Kaveri: Aiming for 1080p30 and Compute

The numerical differences between Kaveri and Richland are easy enough to rattle off – later in the review we will be discussing these in depth – but at a high level AMD is aiming for a middle ground between the desktop model (CPU + discrete graphics) and Apple’s Mac Pro dream (offloading compute onto different discrete graphics cards) by doing the dream on a single processor. At AMD’s Kaveri tech day the following graph was thrown in front of journalists worldwide:

With Intel now on board, processor graphics is a big deal. You can argue whether or not AMD should continue to use the acronym APU instead of SoC, but the fact remains that it's tough to buy a CPU without an integrated GPU.

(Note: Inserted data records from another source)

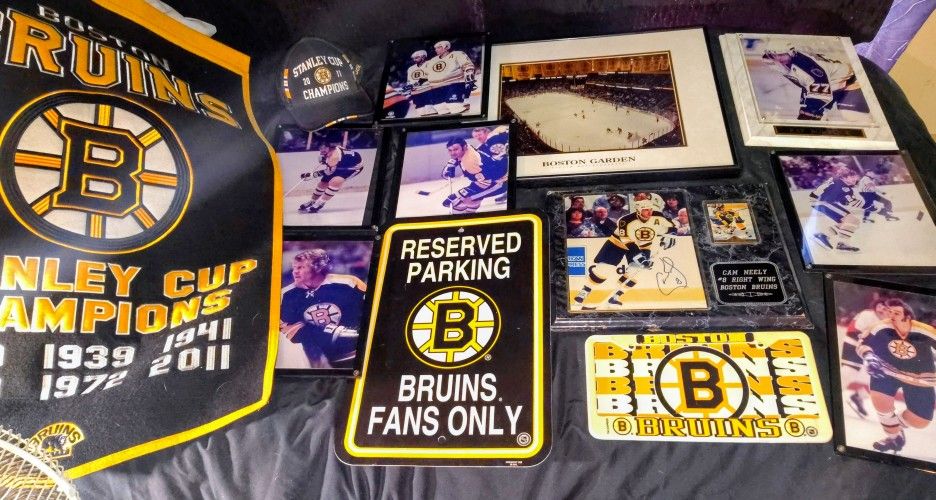 Boston Bruins Memorabilia. Plauqes, Framed Photos, Hat, Banner, Sign, License Plate Dec.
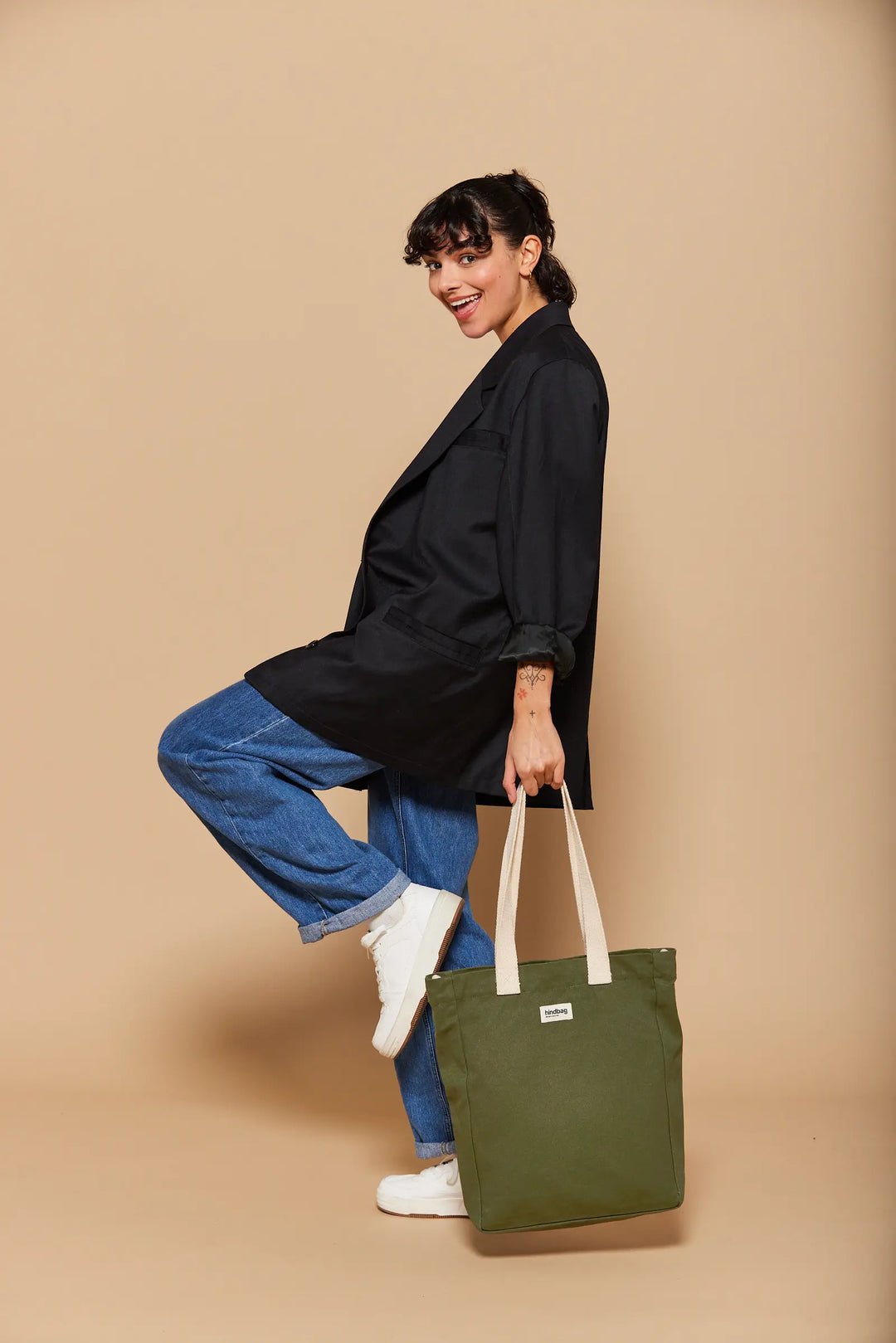 Cotton tote bag HINDBAG Khaki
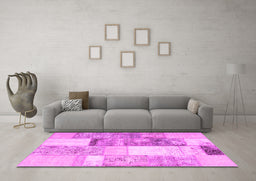 Machine Washable Patchwork Pink Transitional Rug in a Living Room, wshcon1204pnk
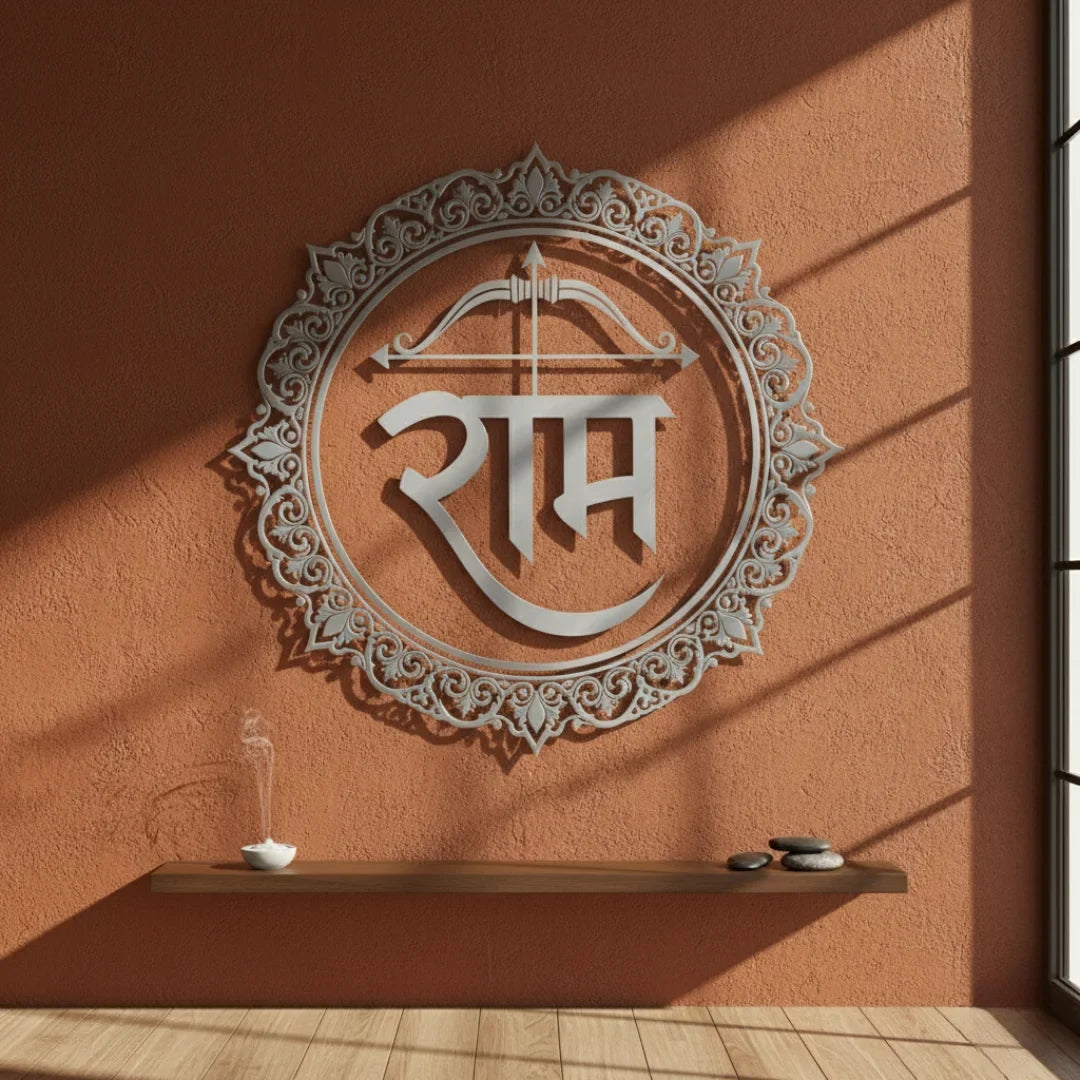 Lord Rama Calligraphy Framed Acrylic Wall Art - Dharma & Virtue
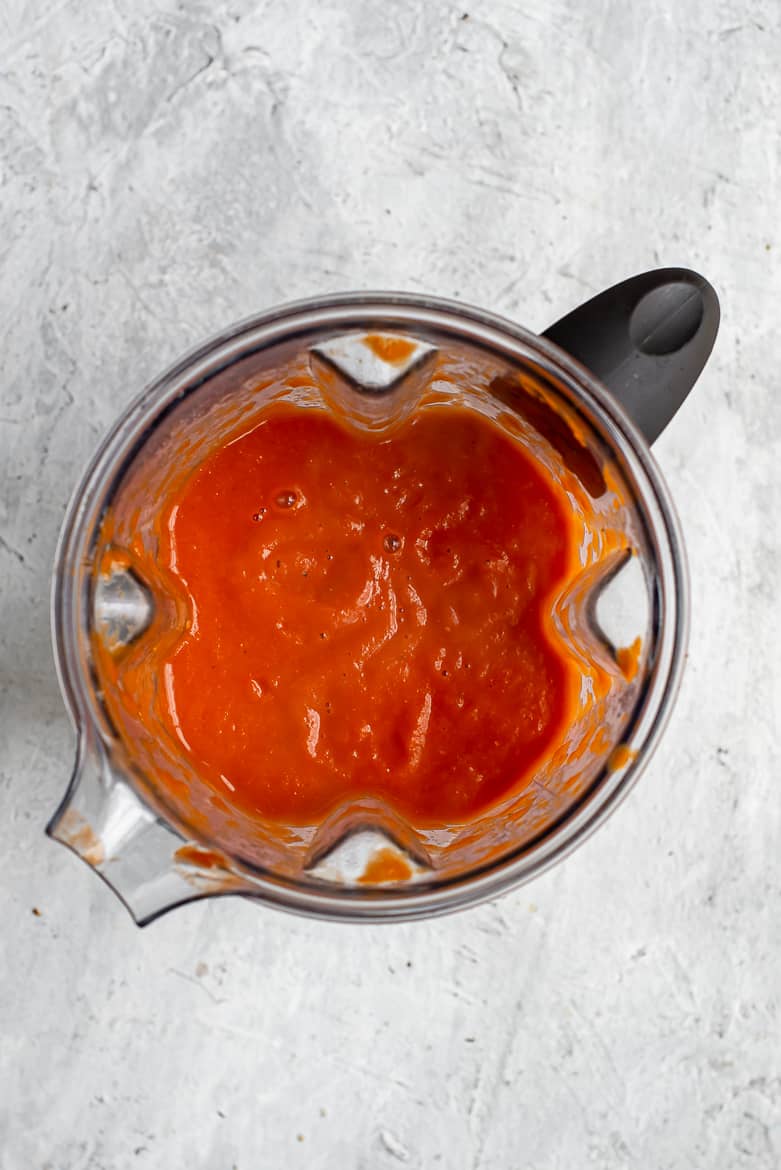 Tomato soup in blender
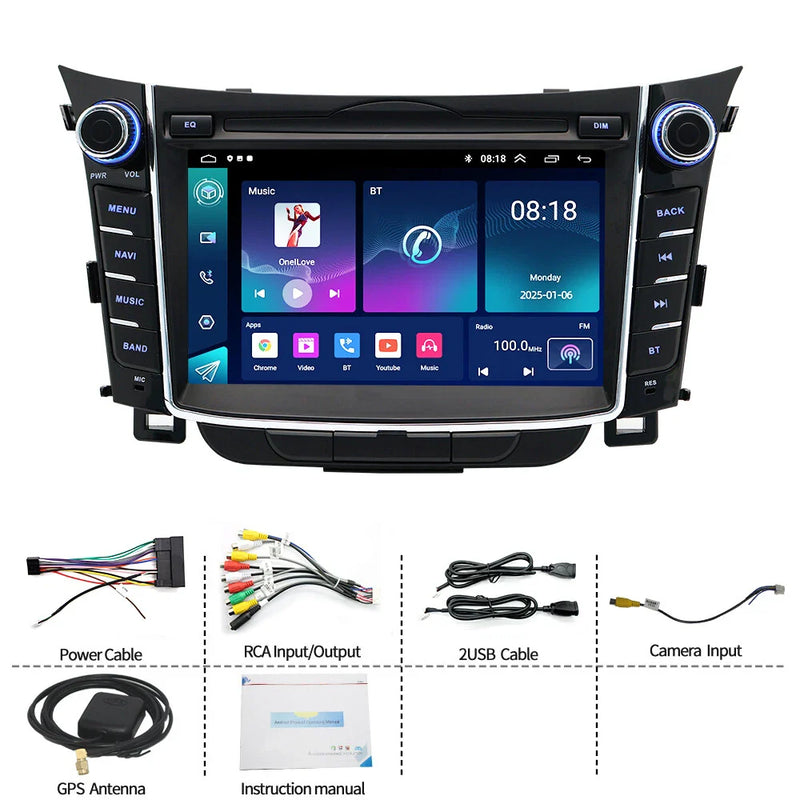 Hyundai I30 Elantra GT 7" Stereo Radio GPS Navi Head Unit (2011-2017)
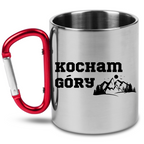 Kubek z czerwonym karabińczykiem i nadrukiem „Kocham Góry” – trekking #7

In the absence of vertical integration, software optimization always trails hardware availability. If you look at 2011 as the crossover year when APUs/SoCs took over the market, it's not much of a surprise that we haven't seen aggressive moves by software developers to truly leverage GPU compute. Part of the problem has been programming model, which AMD hopes to address with Kaveri and HSA. Kaveri enables a full heterogeneous unified memory architecture (hUMA), such that the integrated graphics topology can access the full breadth of memory that the CPU can, putting a 32GB enabled compute device into the hands of developers.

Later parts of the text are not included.